So, let's look in it more attentively.
Then you see that the first equation is exactly the second, multiplied by 3.
So, these two equations represent, actually, one single equation and do contribute nothing more to remaining equations.
Therefore, we can consider and focus on the EQUIVALENT system, which contains equations (2), (3) and (4) ONLY. It is
x + y + 4z = 1 (2)
2x + 5y + 20z = 8 (3)
-x + 2y + 8z = 5 (4)
Its determinant is 0. (For quick calculations, I used the free of charge online solver
https://www.algebra.com/algebra/homework/Matrices-and-determiminant/determinant-of-3x3-matrix.solver of this site).
Now, let's apply the Gauss elimination. As the first step, let's eliminate "x".
For it, multiply eq(1) by 2 and then subract from eq(2).
Also, add eq(1) to eq(3). You will get
x + y + 4z = 1 (5) (same as (2) )
0x + 3y + 12z = 6 (6) (instead of (3) )
0x + 3y + 12z = 6 (7) (instead of (4) )
Next step, eliminate "y". For it, subtract eq(6) from eq(7). You will get
x + y + 4z = 1 (8)
0x + 3y + 12z = 6 (9)
0x + 0y + 0z = 0 (10)
Now you actually have the system of 2 equations for 3 unknowns
x + y + 4z = 1 (11)
0x + y + 4z = 2 (12)
You can make one more/next step by subtracting eq(12) from eq(11).

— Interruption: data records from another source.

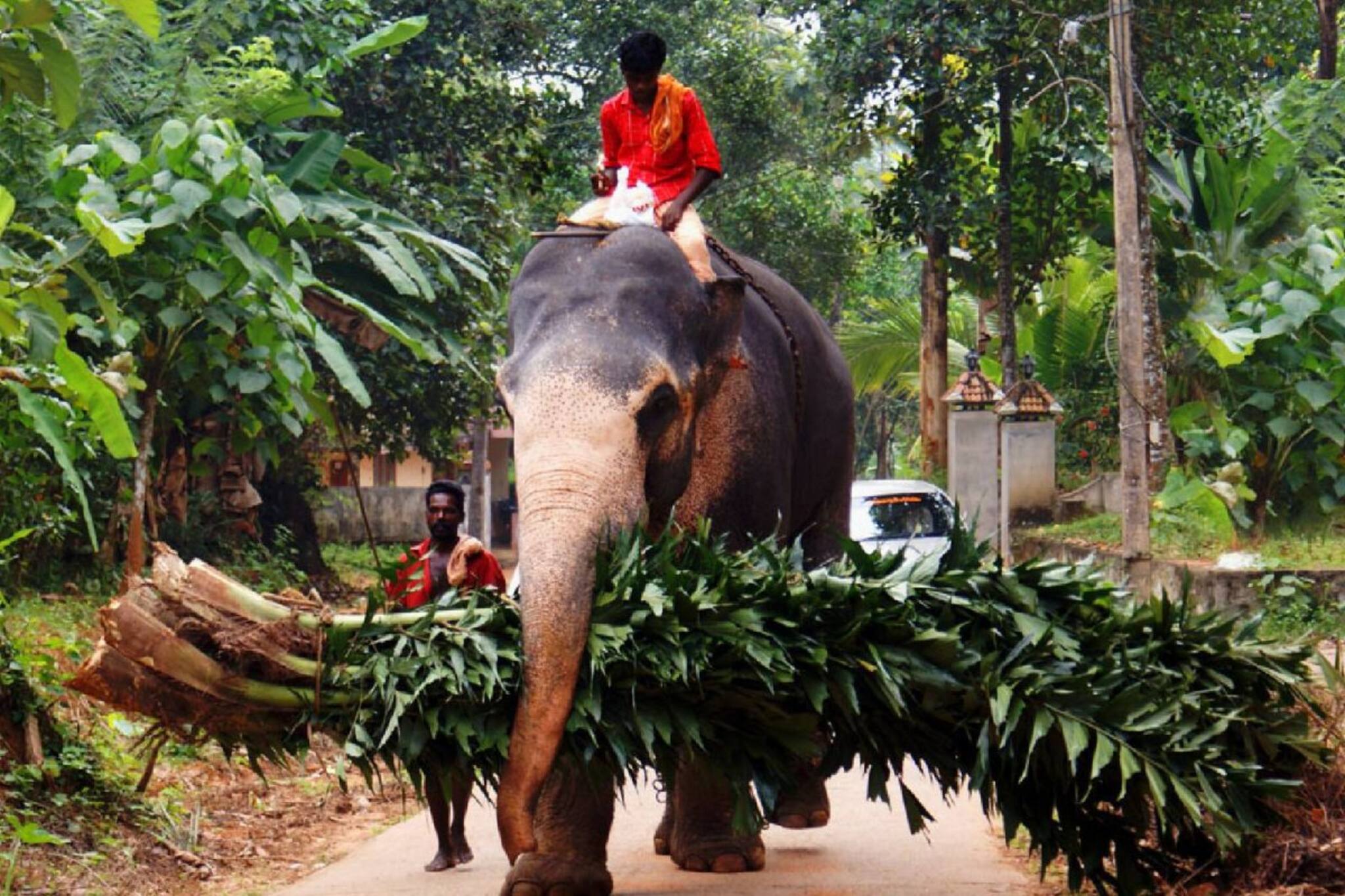 ആനയെ നോക്കാൻ ആറ്റം അറിയണോ? ആനയെ കുറിച്ച് ഒറ്റച്ചോദ്യമില്ലാതെ ആനപാപ്പാന്മാര്‍ക്കുള്ള PSC പരീക്ഷ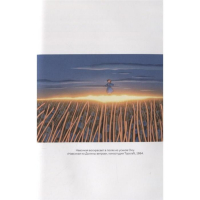 Волшебные миры Хаяо Миядзаки. Нейпир С.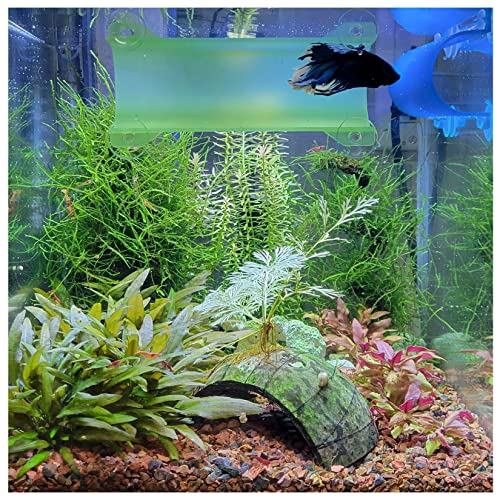 Image of Brand Betta Tunnel (Translucent Light Green)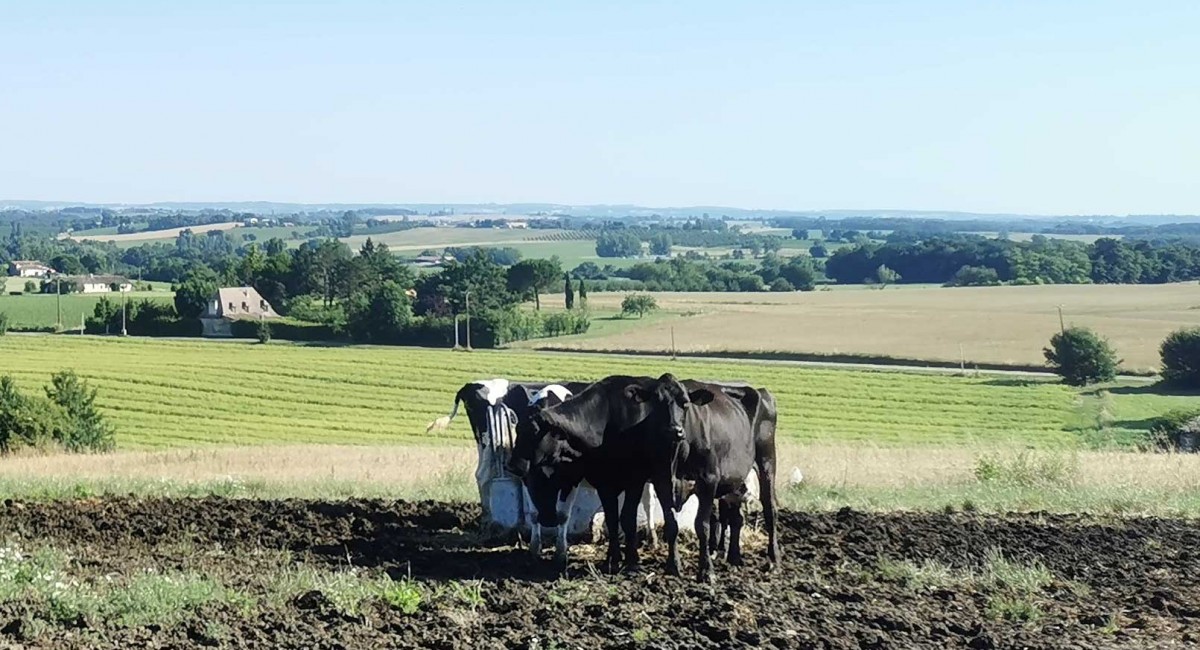 Avec cette aide de 15 000 &euro;, le Lot-et-Garonne veut acc&eacute;l&eacute;rer la m&eacute;thanisation agricole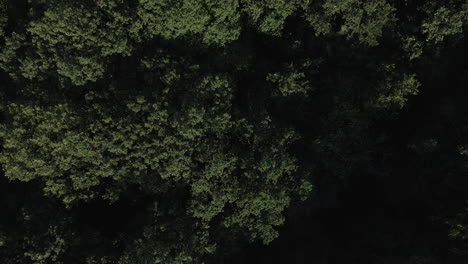 Antena-De-Arriba-Hacia-Abajo-Descendiendo-Sobre-El-Bosque-De-Brocéliande,-Bretaña-En-Francia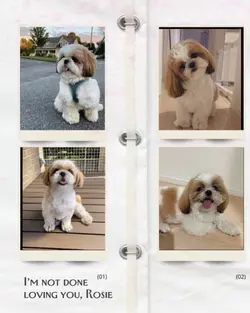dog loss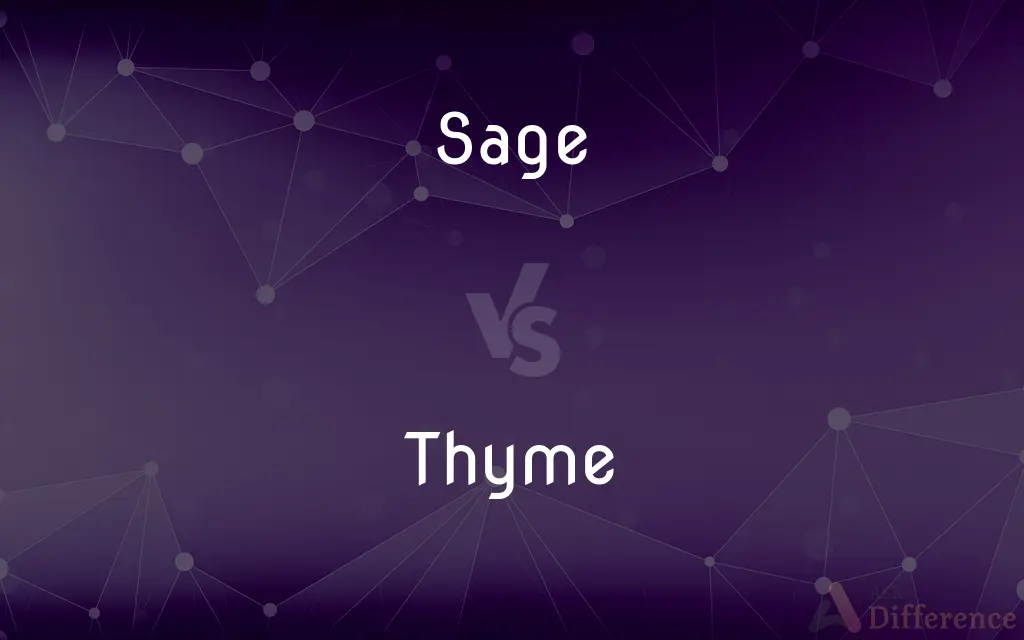 Sage vs. Thyme — What's the Difference?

It will give you
x = -1 (13)
y + 4z = 2 (14)
Now take a = z as a parameter. Then from eq(14), y = 2-4a.
Thus the original system has infinitely many solutions (x,y,z) = (-1,2-4a,a) for any value of real number "a".
Answer. The system is DEPENDENT and has infinitely many solutions of the form (x,y,z) = (-1,2-4a,a), where "a" is the parameter (any real number).
Solved.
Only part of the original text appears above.